Hailing from a family devoted to music for six generations, Akhila met her husband through music. “I was a disciple of her uncle, the flute vidwan Nochur Krishna Iyer, in Palakkad (Kerala),” says P.N. Krishnan. Initiated into music by her father, renowned violin vidwan Erode Vishwanatha Iyer, Akila was already an A-grade artiste of All India Radio (Calicut) at the time of her marriage. However, she had to leave behind a promising musical career and follow her husband to Delhi.

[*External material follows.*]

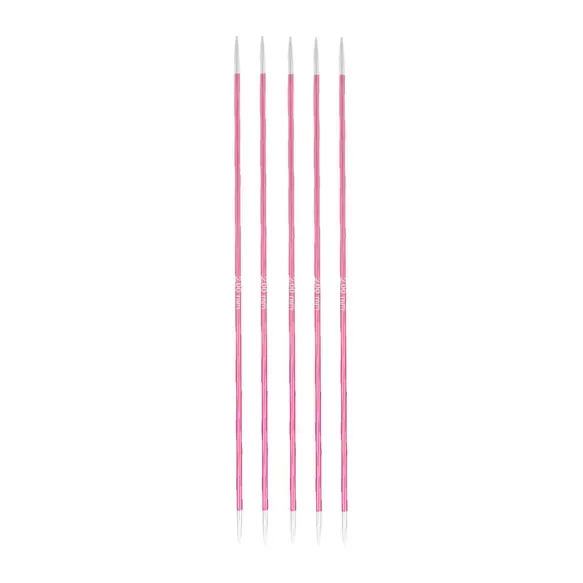 Zing Sokkennaalden (15 cm lengte) Maat: 2 mm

Even after 60 years, Krishnan can recall his first day in the city vividly. “It was September 30, 1951, very different from where we came from,” he says with a smile. Coming all the way from Kerala to work in the city, he and Akhila took up a house in Karol Bagh, a preferred location of many South Indian families then. It was just a matter of time before Akhila began to look for a window to pursue her musical talent. “But not knowing Hindi restricted me. So I thought I must learn the language first,” she says.

Once she began to pick up a smattering of the local language, doors opened for her and she could travel on her own “all the way from Karol Bagh to R.K. Puram” to learn from Guru T.K. Jayarama Iyer. A national scholarship from the Government followed and so did performances in temples and singing on the radio, all over again. “I was so lucky to have got T.K. Jayarama Iyer as my guru. He called respected critics like Subbudu and K. Srinivasan home to listen to my singing. Today, I can't think of a guru organising media interviews for their shishyas,” she remarks.

The publicity bore fruit and she got in touch with well known Bharatnatyam dancer Swarna Saraswati, Yamini Krishnamurti and others. “Swarna Saraswati belonged to the same family as (legendary dancer) Balasaraswati. Their family had the knowledge of many rare padams and javalis. I learnt them from great padam singers of that family like Brinda and Mukta,” recalls Akhila.

Also a student of greats like K.V. Narayanaswamy, Musiri Subramanya Iyer and Tirupambaram Swaminatha Pillai, Akhila's repertoire today is enviable in Delhi. Her student Deepthi says, “I have learnt about 500 compositions from her, many quite rare.”

Akhila mami, a winner of many awards including “Madhura Gana Ratna” bestowed on her by Shri Venkateshwara Fine Arts Trust this past week in New Delhi, was also a member of the audition board of AIR and an examiner for music in Delhi University for years together. “Now I can't move much; all that is over,” she says with a laugh. On the insistence of her two sons living in the U.S., Akhila now also teaches music to a set of students there through Skype. “Both my sons are professional violinists despite their busy jobs. They have been asking us to live with them. We have said no. It is so much nicer here to be among people who know your musical heritage,” she says.

The Krishnans, having seen Carnatic music spread in the city, though, have some remarks to make. “There is a lot of pressure now from parents. They want their children to be on stage even before they are ready. They now spend so much money on arangetram (debut performance). I have been teaching for the last 40 years. I have not done any arangetram for my students but they are all stage performers today,” says Akhila. To help youngsters pursue their art, they, however, have been running a Music Appreciation Centre since 1981.